Terminó la celebración y apagué el televisor. Empezaba a llover de nuevo. Han caído varios aguaceros estos días. Casi parece que se nos viene el diluvio. Precisamente eso me hizo pensar en Arcas. Unas modernas, actuales. Unas que incluso podrían servir para dejar el planeta, digamos.
Y no es un sueño tan lejano. Hace unos días la NASA, logró amartizar el Curiosity, un robot dedicado a la exploración del planeta rojo, cuyo principal objetivo es buscar rastros de vida.
Leí en alguna noticia que las agencias espaciales quieren llevar naves tripuladas antes del 2025. Eso me inquietó. Estamos muy cerca de lograr la capacidad técnica para enviar gente a otro planeta. Eso evidentemente, con el fin de poblarlo. Lo que no creo cierto es estar en la capacidad emocional, moral y ética para hacerlo.

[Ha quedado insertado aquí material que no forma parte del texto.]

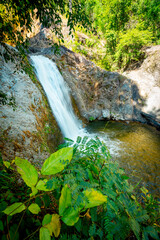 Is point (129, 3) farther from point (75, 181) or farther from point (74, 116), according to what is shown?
point (75, 181)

¿A qué me refiero? Es sencillo. No estamos muy lejos de lo que éramos como especie el 1492. Es decir, no sé si queremos repetir el violento y fracasado intento de América. Podríamos hacer de Marte, un sitio donde los países con agencias espaciales dominen la propiedad y los recursos. Una violenta transformación del territorio. Y peor aún: de encontrar vida, me preocupa más en qué manera afectaríamos su entorno y forma de vida a cuánto afectaría ella la nuestra.
Mis nietos quizá afronten esos dilemas. En esencia se trata de decidir qué versión de humanidad se va a exportar: la desigual o la solidaria. Si repetiremos los patrones fracasados en otro planeta o nos daremos la oportunidad de cambiar las cosas.
Parece sencillo y lejano pero no lo es. Se trata de una manera de analizarnos ahora mismo, empezando a crear cierta distancia. En esa distancia, una de las preguntas que se me ocurre, tomando mi sueño, es qué pasaría con la población de las cárceles, si hay que evacuar hacia otro planeta.
Espero compasión de nosotros, no odio. Pero ahora mismo, no me parece tan claro. Aunque en medio de toda la oscuridad hay símbolos de esperanza. Como los Juegos Olímpicos que recién terminan. Llenos de toda esa simbología que refiere a una humanidad intentando superarse, ser mejor.
Quizá cuando haya que decidir qué enviar en las arcas hacia Marte lo tengamos más claro. Es genial pensar que enviaremos lo mejor de la humanidad. Que llenaremos un planeta de belleza y sensatez. Con ciertos rasgos sombríos, por supuesto, no hay luz sin sombra.
El punto es que como casi todo, es al final un símbolo que evoca lo más oscuro y brillante de nosotros. Puede ser un futuro estéril o esperanzador. La decisión está en nuestras manos.
Es aquí donde el viaje sé exactamente dónde comienza. Es en una revolución. Pero no una política, es una revolución del lenguaje. Una en la que se ceda en el “Yo” en el discurso, para que exista un “Nosotros”. Que nos veamos como especie.
Parece sencillo; pero no lo es. Al parecer hemos creado un lenguaje simbólico que impone lejanías. Como la propiedad, la raza, las banderas, etcétera. Es ahí donde habrá que encontrar los símbolos que inviten a lo contrario. A encontrar nuestras referencias comunes.
Ese podría ser el inicio de una liberación. Al menos de la culpa. Sin señalarnos unos a otros del mal, dejando el yo por el nosotros, podremos comenzar a tomar la responsabilidad de las cosas. Incluso ser responsables de nuestra especie.
Y cada uno colabora en esa revolución, quizá inconscientemente cuando se inspira por un deseo de superarse sin pasar sobre el otro. Como Barrondo con su medalla. Una alegría que celebraremos hoy lunes, recibiéndolo en el aeropuerto.
Quizá no sea un símbolo demasiado estable o visible para todos; pero al menos es un inicio. Una esperanza de que podemos encontrar en nosotros el aliento para vernos iguales.
Ahora es cuestión de seguir en la búsqueda constante de unión a través de la construcción de un nuevo lenguaje. No esperar otros cuatro años para sentirnos cercanos. Por mi parte, seguiré escribiendo. Esa es mi forma de caminar hacia la luz.